Most of its work _ absorbing intelligence gathered from spy-plane flights like those near China, for example _ is still plenty hush-hush.

But its openness around the edges is a departure for the 49-year-old organization jokingly called "No Such Agency" and perhaps best known for efforts not to be known at all.

"It's changed all right," said author James Bamford. Twenty years ago he faced threats of prosecution for publishing NSA-related documents; recently he faced a crowd of agents at his book launch on the NSA campus.

"Instead of putting me in jail," he said, "they're throwing me a book party."

The NSA's director, Lt. Gen. Michael Hayden, accelerated the change after his 1999 appointment, perhaps most dramatically by making public two lacerating reports on agency deficiencies.

"There are some things that we can say, that we ought to say," he commented in an unusual interview with the History Channel.

The end of the Cold War led some to question the need for a national eavesdropper and subjected intelligence budgets generally to a harder look.

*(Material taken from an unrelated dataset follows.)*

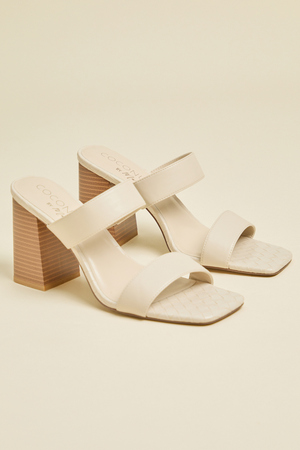 Britt Strap Heel by Matisse - Altar'd State -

"Like everyone else in the intelligence community, the NSA is being forced to reveal more than it wants to about itself," said Norman Polmar, who wrote "Spy Plane: The U2 History," an NSA-related exploit gone wrong.

The internal NSA reports released by Hayden said that "ineffective leadership" and "our insular, somewhat arrogant culture and position" had led Congress to cut money to the agency, which gets the largest share of the $30 billion intelligence budget.

Openness only goes so far. A European Union team angrily left the United States last week when NSA and CIA officials refused to meet with its members. The team is investigating whether the United States engages in economic espionage.